---------- The records ----------

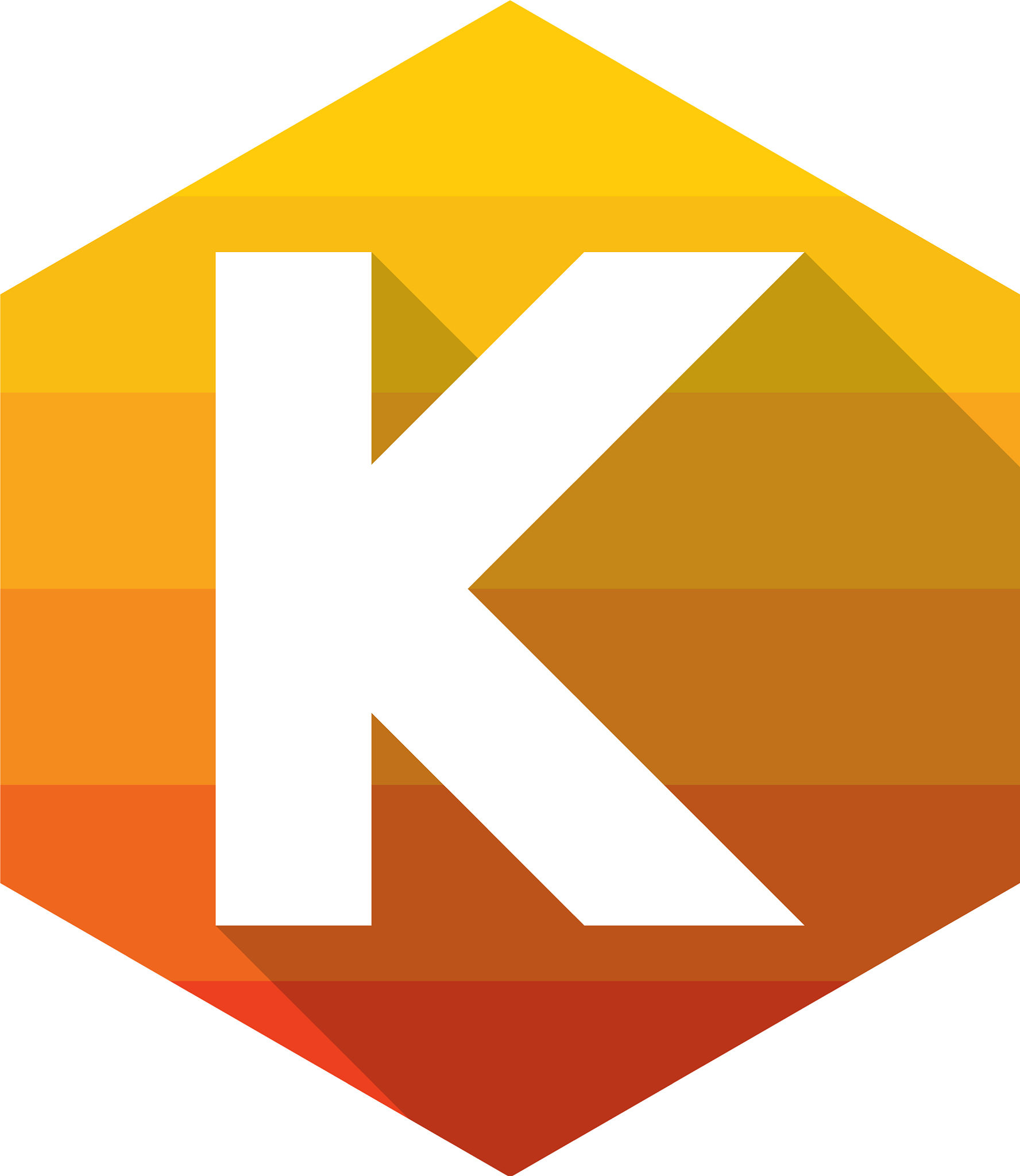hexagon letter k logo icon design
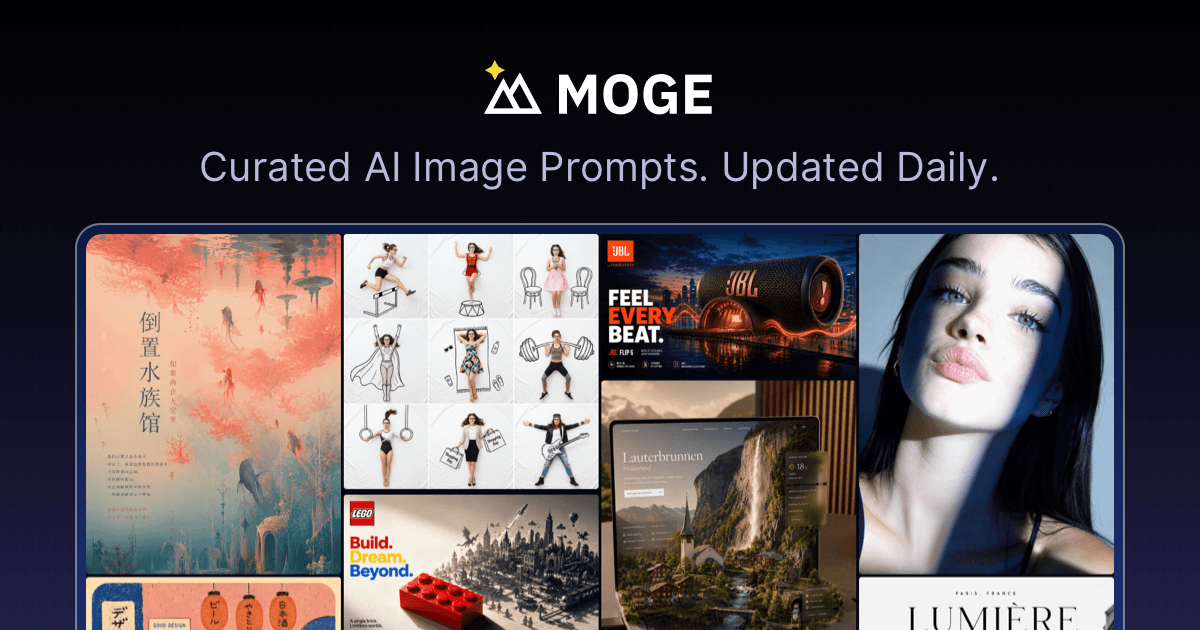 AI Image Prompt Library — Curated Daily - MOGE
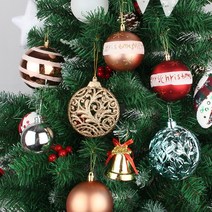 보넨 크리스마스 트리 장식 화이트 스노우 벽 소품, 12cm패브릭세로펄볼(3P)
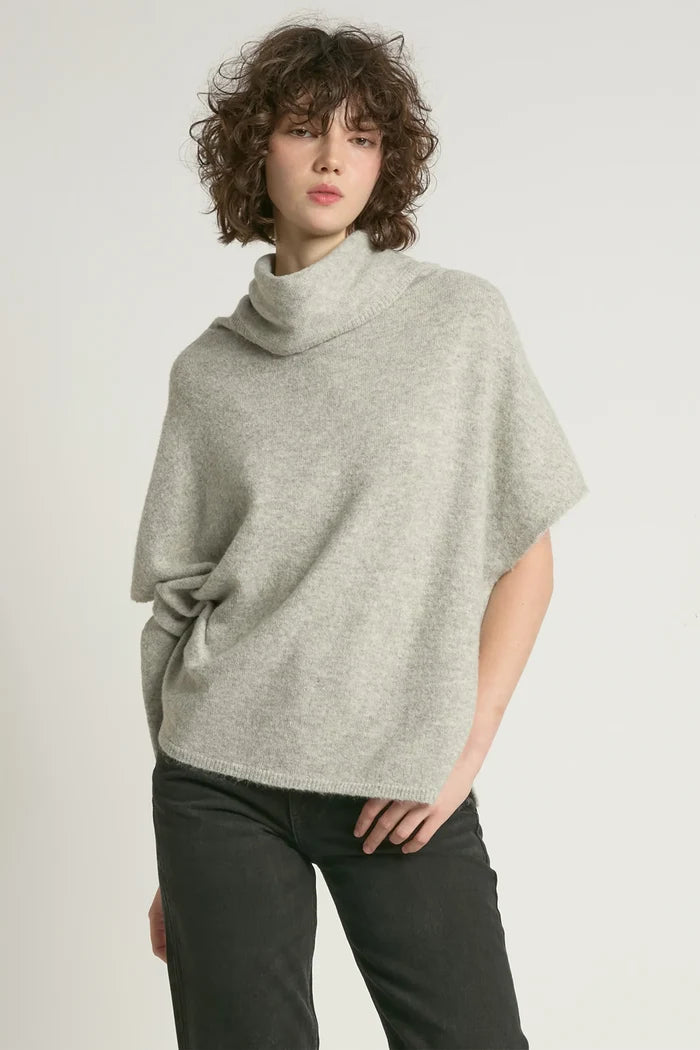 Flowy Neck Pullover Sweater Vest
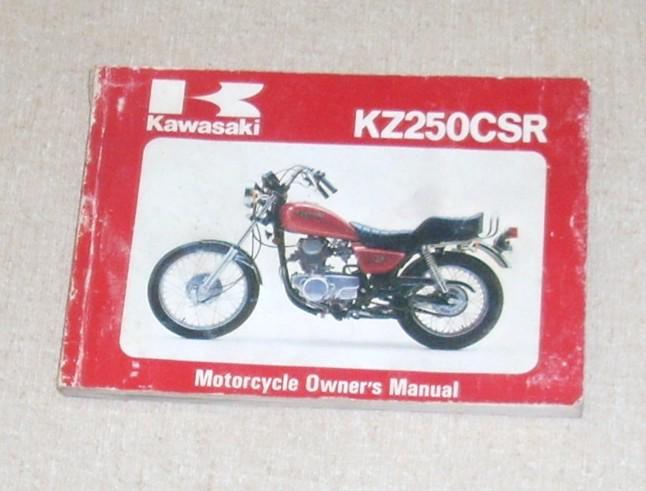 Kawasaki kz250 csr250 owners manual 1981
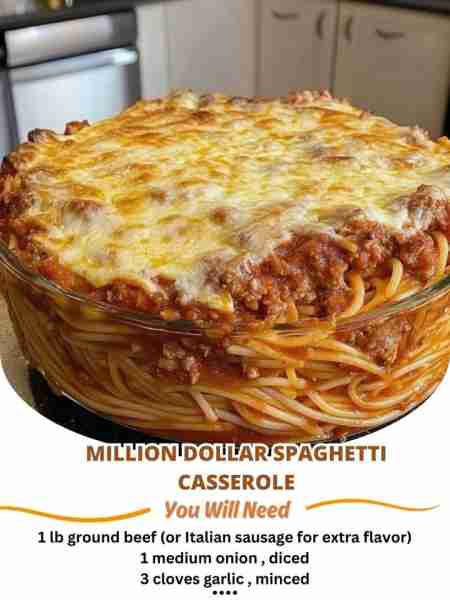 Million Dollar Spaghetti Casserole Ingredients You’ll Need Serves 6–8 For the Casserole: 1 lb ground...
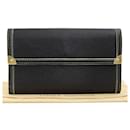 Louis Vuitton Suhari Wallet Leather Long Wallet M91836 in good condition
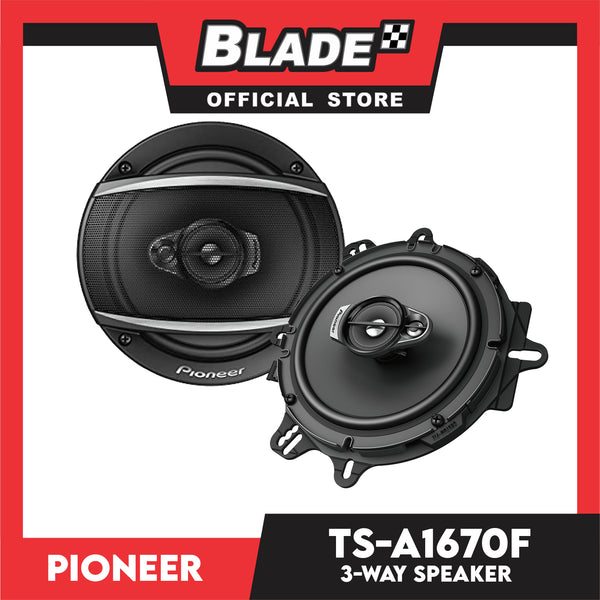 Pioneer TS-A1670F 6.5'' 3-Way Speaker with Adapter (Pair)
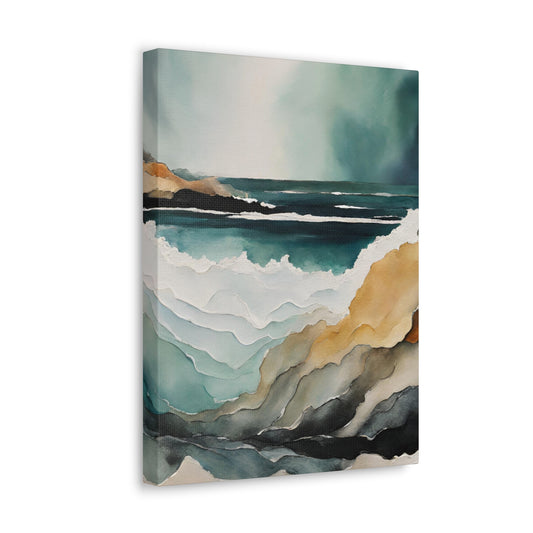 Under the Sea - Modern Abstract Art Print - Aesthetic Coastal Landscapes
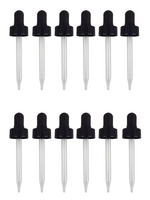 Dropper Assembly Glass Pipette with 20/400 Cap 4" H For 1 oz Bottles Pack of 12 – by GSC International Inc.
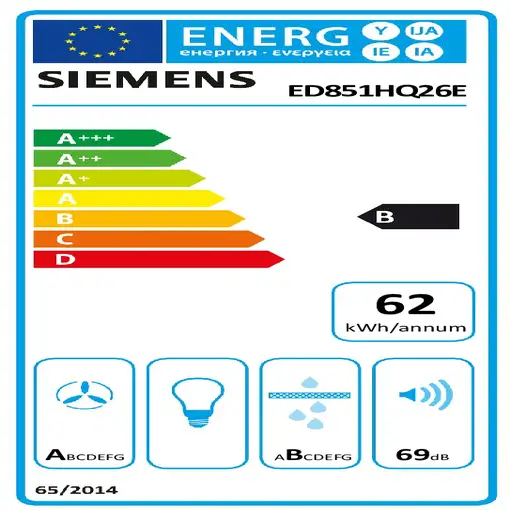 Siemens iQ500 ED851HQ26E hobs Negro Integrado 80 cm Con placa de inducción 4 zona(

----------

| Work item |
What is needed is an exact reproduction of the data, pictures excluded.

| Output for this exercise |
hexagon letter k logo icon design
 AI Image Prompt Library — Curated Daily - MOGE
 보넨 크리스마스 트리 장식 화이트 스노우 벽 소품, 12cm패브릭세로펄볼(3P)
 Flowy Neck Pullover Sweater Vest
 Kawasaki kz250 csr250 owners manual 1981
 Million Dollar Spaghetti Casserole Ingredients You’ll Need Serves 6–8 For the Casserole: 1 lb ground...
 Louis Vuitton Suhari Wallet Leather Long Wallet M91836 in good condition
 Pioneer TS-A1670F 6.5'' 3-Way Speaker with Adapter (Pair)
 Under the Sea - Modern Abstract Art Print - Aesthetic Coastal Landscapes
 Dropper Assembly Glass Pipette with 20/400 Cap 4" H For 1 oz Bottles Pack of 12 – by GSC International Inc.
 Siemens iQ500 ED851HQ26E hobs Negro Integrado 80 cm Con placa de inducción 4 zona(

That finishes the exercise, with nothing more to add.